Con el advenimiento de la democracia, la ciudadanía tuvo que reciclarse de nuevo, de tan acostumbrada que estaba a la dificultad de opinar verbal o literariamente, porque de inmediato le surgía el dinosaurio del censor de negro, que abría su dentadura y emitía un rugido amenazador, capaz de abortar cualquier idea contraria al régimen. Y si antes las damas conservadoras con sus maridos ostentando el gobierno, eran capaces de colocar chales en los hombros de las artistas más procaces, los reprimidos señores de negro resultaban más papistas que el papa, metiendo la tijera a toda publicación que tuviera visos de escándalo o provocación sexual. De sus nefastas consecuencias surgió una generación asexuada, que sólo encontró alivio en los lupanares promovidos por el oficio más antiguo del mundo. Años después, apagada la lucecita de El Pardo, surgió de la oscuridad un viejo profesor que indujo a la llamada movida madrileña, a divertirse y colocarse hasta reventar sin mayores responsabilidades personales, y como consecuencia de ello emergieron los cantantes protesta, que presumían de progres mientras el negro conservadurismo hacía atónito la maleta para habitar un monasterio antes que asumir la dirección de la nueva corriente de libertinaje -así denominaban a la palabra libertad-. Con la luz de la nueva era, los resabiados que habían congelado sus ideas, o se habían asilado en países más progresistas, decidieron volver cuando el pestillo de la puerta giró a su favor y se abrió la vía por dónde entrar a poner en práctica sus postulados. Sobrevino aquella Ley de Amnistía General, y pudimos ver salir a la calle en manifestación a nuestros catedráticos, docentes y sindicalistas emigrados del verticalismo reinante, y detrás de ellos una multitud dubitativa que aún no había aprendido a expresarse sin temor a delinquir. Y llegaron las primeras elecciones por sufragio universal, surgiendo siglas de partidos como setas en un monte recién anegado, y desde entonces tenemos el privilegio de opinar, aunque nadie nos haga caso ni verifique una aplicación práctica de nuestros criterios, para abonar el recomienzo de todo.

Y ya puestos en ello, hemos vivido una etapa de gobiernos donde el bipartidismo ha sido la tónica a seguir con los destinos de nuestra cotidianeidad, presidida por rostros que, de un modo u otro, han quedado ya recopilados para la historia u olvidados en una buhardilla apartada de la sede del partido que los apoyó en su día, previendo los réditos posteriores a su candidatura.
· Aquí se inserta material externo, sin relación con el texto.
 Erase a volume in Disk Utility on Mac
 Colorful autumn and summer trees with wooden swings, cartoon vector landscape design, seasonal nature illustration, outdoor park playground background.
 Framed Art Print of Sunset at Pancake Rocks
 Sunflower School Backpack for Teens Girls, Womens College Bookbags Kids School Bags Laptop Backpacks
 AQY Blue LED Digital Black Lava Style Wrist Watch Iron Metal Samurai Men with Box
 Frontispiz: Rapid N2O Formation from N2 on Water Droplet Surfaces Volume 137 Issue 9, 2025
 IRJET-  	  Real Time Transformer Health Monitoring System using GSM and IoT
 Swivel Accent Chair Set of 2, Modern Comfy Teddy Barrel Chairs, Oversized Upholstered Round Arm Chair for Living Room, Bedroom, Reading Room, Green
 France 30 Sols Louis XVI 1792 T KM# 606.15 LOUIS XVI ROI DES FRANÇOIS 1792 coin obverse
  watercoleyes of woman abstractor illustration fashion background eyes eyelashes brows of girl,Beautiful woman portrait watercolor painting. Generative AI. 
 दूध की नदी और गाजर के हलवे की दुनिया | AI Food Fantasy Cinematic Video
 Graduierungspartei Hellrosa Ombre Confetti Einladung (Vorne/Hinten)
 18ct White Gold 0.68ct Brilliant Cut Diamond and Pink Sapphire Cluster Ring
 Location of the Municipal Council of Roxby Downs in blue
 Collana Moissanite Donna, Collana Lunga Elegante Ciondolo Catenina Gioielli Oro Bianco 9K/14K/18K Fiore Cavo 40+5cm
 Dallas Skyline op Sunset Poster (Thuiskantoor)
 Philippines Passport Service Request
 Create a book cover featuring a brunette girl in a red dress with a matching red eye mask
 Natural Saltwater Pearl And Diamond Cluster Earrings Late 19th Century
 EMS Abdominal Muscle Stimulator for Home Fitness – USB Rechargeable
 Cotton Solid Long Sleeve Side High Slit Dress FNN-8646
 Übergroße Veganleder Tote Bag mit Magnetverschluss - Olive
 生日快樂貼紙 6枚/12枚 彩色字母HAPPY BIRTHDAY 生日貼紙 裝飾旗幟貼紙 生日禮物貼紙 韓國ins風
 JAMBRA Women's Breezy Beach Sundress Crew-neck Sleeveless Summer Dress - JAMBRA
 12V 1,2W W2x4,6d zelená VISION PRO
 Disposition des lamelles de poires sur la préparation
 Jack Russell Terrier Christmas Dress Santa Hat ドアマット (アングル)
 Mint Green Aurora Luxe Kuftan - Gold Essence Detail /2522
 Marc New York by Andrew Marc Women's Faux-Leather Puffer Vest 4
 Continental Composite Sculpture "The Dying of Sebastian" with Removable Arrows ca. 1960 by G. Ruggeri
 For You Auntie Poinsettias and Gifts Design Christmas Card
Más o menos esto último es lo que le ha pasado al candidato socialista Pedro Sánchez, investido presidente con carácter exprés por una serie de concatenaciones políticas imprevistas, capaces de plantear una tesis para concluir en un corolario circunstancial, que funcionará si se recomponen los intereses partidistas de sus aliados, repito, temporales.

Infatigable al desaliento, el candidato recién nombrado se ha aferrado a la razonable consecuencia de las 351 sentencias del caso Gürtel, para conseguir apoyos suficientes para eliminar al correoso adversario, supuestamente artífice del milagro español, que como un Adenauer cualquiera se invistió de aciertos económicos para despotricar de la ansiosa oposición. Con la mesa servida ya, queda la disyuntiva de que los gestos iniciales se conviertan en acciones tangibles, capaces de apear a las falsas ilusiones de una multitud que espera expectante el milagro de los panes y los peces, si es que este pescador consigue hacerlo en el río revuelto de la piscifactoría catalana o vasca. ¿Será otra negativa exprés la aprobación de los presupuestos por el actual dueño del Senado??